• INFORMATION SHOWN:

%%

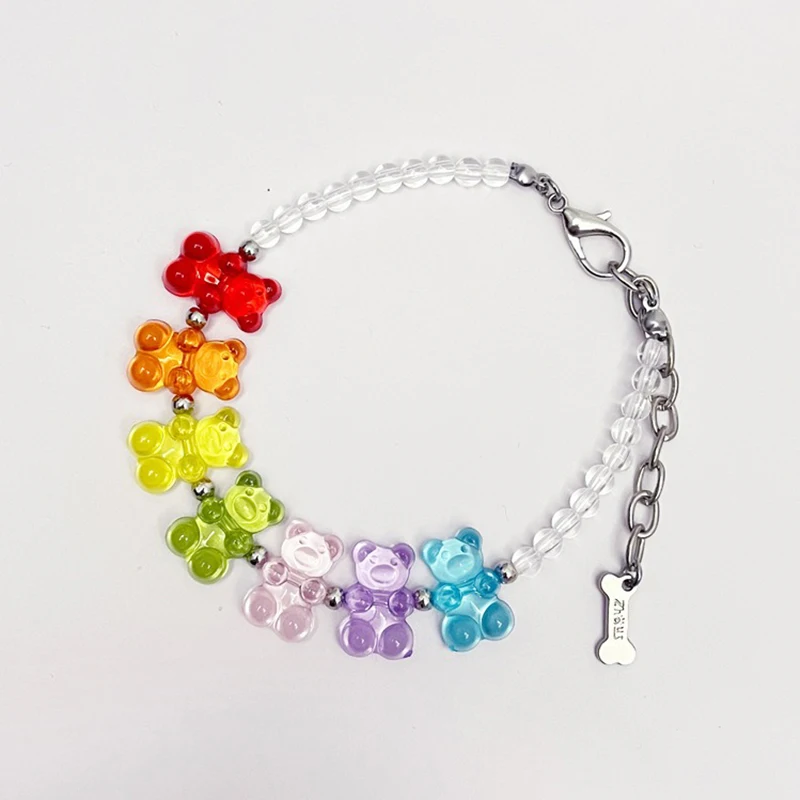 Cute Bear Chain Accessories for Cats Dopamine Colorized Pet Dog Necklace Adjustable Summer Fancy York Chihuahua Dog Neck Wear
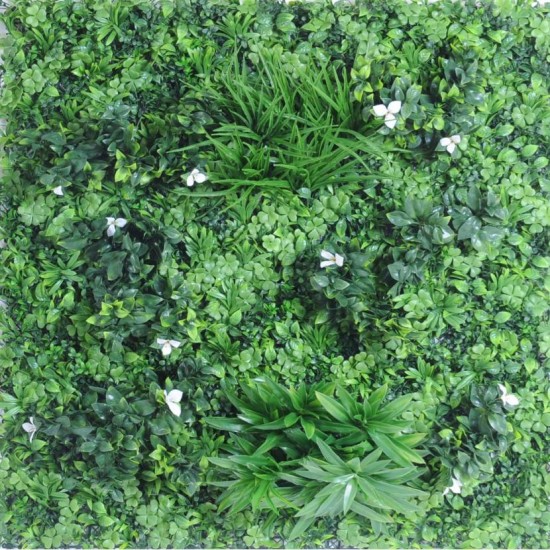 Panou  Verdeata Artificiala cu Flori Albe 100x100cm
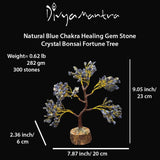Divya Mantra Feng Shui Natural Lapis Lazuli Chakra Healing Gem Stone Bonsai Fortune Vastu Plant Sculpture Tree; Good Luck, Wealth, Success & Prosperity; Home Office Table Decor Gift Item; 300 Crystals - Divya Mantra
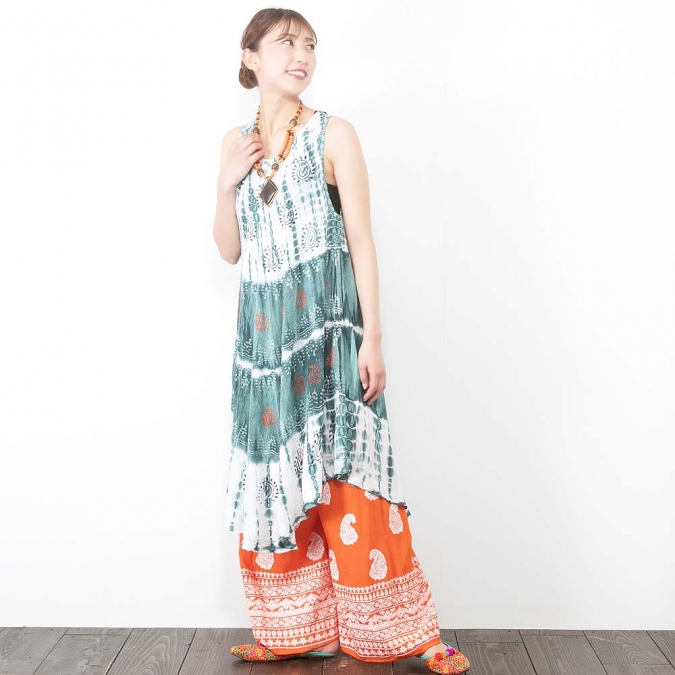 タイダイ×ストーンウォッシュ 刺繍入り ペイズリー ブロックプリント ワンピース レディース 春 夏 涼感 チュニック丈 エスニック アジアン ファッション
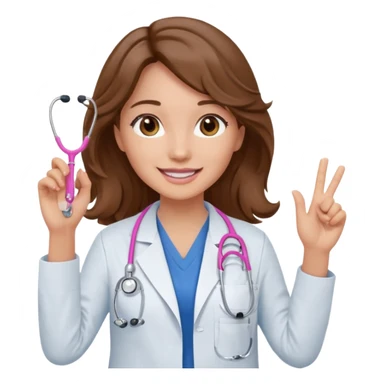 Barbie like emoji of a white woman with brown eyes and long wavy brown hair wearing blue scrubs, white lab coat, pink stethoscope, and raising one hand and a warm smile sticker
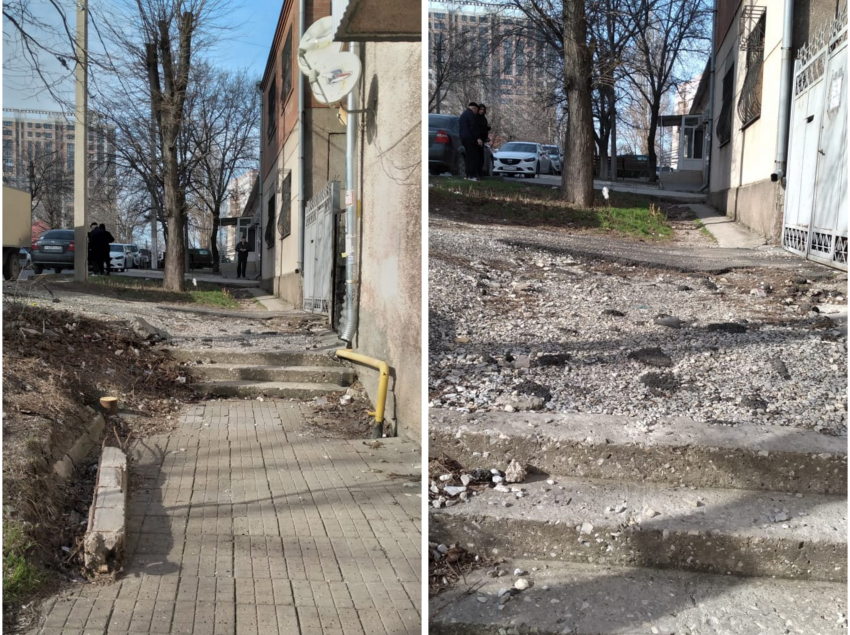 Инвалиды Новороссийска добираются к онкодиспансеру по разбитому тротуару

%%

Omit the pictures, then give every record back exactly as it stands.

 Cute Bear Chain Accessories for Cats Dopamine Colorized Pet Dog Necklace Adjustable Summer Fancy York Chihuahua Dog Neck Wear
 Panou  Verdeata Artificiala cu Flori Albe 100x100cm
Divya Mantra Feng Shui Natural Lapis Lazuli Chakra Healing Gem Stone Bonsai Fortune Vastu Plant Sculpture Tree; Good Luck, Wealth, Success & Prosperity; Home Office Table Decor Gift Item; 300 Crystals - Divya Mantra
 タイダイ×ストーンウォッシュ 刺繍入り ペイズリー ブロックプリント ワンピース レディース 春 夏 涼感 チュニック丈 エスニック アジアン ファッション
 Barbie like emoji of a white woman with brown eyes and long wavy brown hair wearing blue scrubs, white lab coat, pink stethoscope, and raising one hand and a warm smile sticker
 Инвалиды Новороссийска добираются к онкодиспансеру по разбитому тротуару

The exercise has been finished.